Changing retaliation to an independent supergoal would affect, not just the AI's speed, but the AI's ultimate decisions.  From the perspective of the current set of supergoals, this new set of decisions would be suboptimal.  Suppose a young AI has some set of ultimate goals - traffic reduction, Friendliness, whatever.  The young AI, by hypothesis, invents (or is taught) a retaliation logic under which "punching back" serves these supergoals.  The maturing AI then considers whether changing the logic to an independent supergoal or optimized instinct is a valid tradeoff.  The benefit is shaving one millisecond off the time to initiate retaliation.  The cost is that the altered AI will execute retaliation in certain contexts where the present AI would not come to that decision, perhaps at great cost to the present AI's supergoals (traffic reduction, Friendliness, etc).  Since recreating the retaliation subgoal is a relatively minor computational cost, the AI will almost certainly choose to have retaliation remain strictly dependent on the supergoals.

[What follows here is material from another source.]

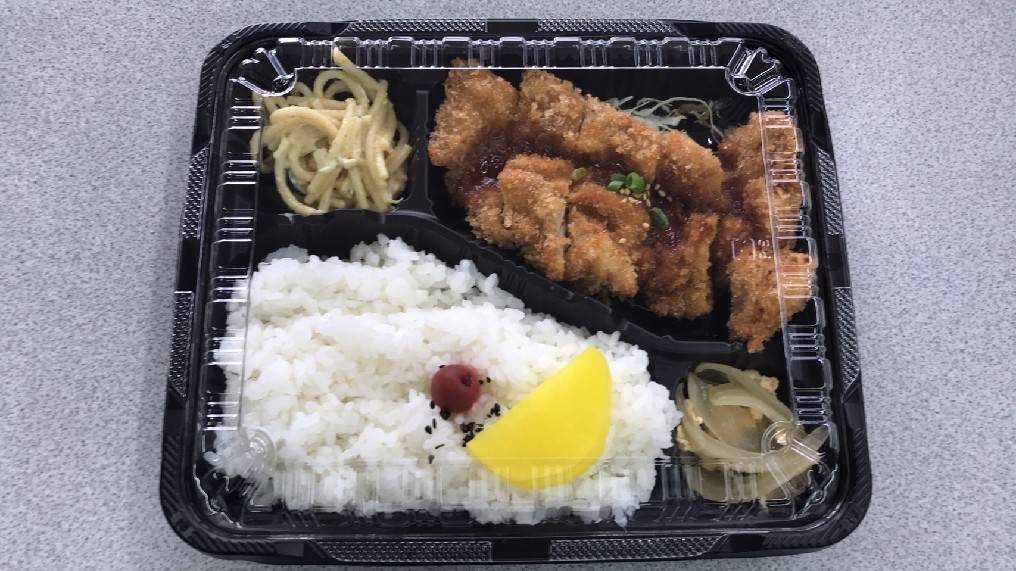 ４回目のチキンカツ弁当 アリックスのブログ 写真1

Why do I keep making this point, especially when I believe that a Friendly seed AI can and should live out vis entire lifecycle without ever retaliating against a single human being?  I'm trying to drive a stake through the heart of a certain conversation I keep having.
 

Somebody:   "But what happens if the AI decides to do [something only a human would want] ?"
Me:   "Ve won't want to do [whatever] because the instinct for doing [whatever] is a complex functional adaptation, and complex functional adaptations don't materialize in source code.  I mean, it's understandable that humans want to do [whatever] because of [selection pressure], but you can't reason from that to AIs."
Somebody:   "But everyone needs to do [whatever] because [personal philosophy], so the AI will decide to do it as well."
Me:   "Yes, doing [whatever] is sometimes useful.  But even if the AI decides to do [whatever] because it serves [Friendliness supergoal] under [contrived scenario], that's not the same as having an independent desire to do [whatever]."
Somebody:   "Yes, that's what I've been saying:  The AI will see that [whatever] is useful and decide to start doing it.  So now we need to worry about [scenario in which <whatever> is catastrophically unFriendly]."
Me:   "But the AI won't have an independent desire to do [whatever].  The AI will only do [whatever] when it serves the supergoals.  A Friendly AI would never do [whatever] if it stomps on the Friendliness supergoals."
Somebody:   "I don't understand.  You've admitted that [whatever] is useful.  Obviously, the AI will alter itself so it does [whatever] instinctively."
Me:   "The AI doesn't need to give verself an instinct in order to do [whatever]; if doing [whatever] really is useful, then the AI can see that and do [whatever] as a consequence of pre-existing supergoals, and only when [whatever] serves those supergoals."
Somebody:   "But an instinct is more efficient, so the AI will alter itself to do [whatever] automatically."
Me:   "Only for humans.  For an AI, [complex explanation of the cognitive differences between having 32 2-gigahertz processors and 100 trillion 200-hertz synapses], so making [whatever] an independent supergoal would only be infinitesimally more efficient."
Somebody:   "Yes, but it is more efficient!  So the AI will do it."
Me:   "It's not more efficient from the perspective of a Friendly AI if it results in [something catastrophically unFriendly].  To the exact extent that an instinct is context-insensitive, which is what you're worried about, a Friendly AI won't think that making [whatever] context-insensitive, with [horrifying consequences], is worth the infinitesimal improvement in speed."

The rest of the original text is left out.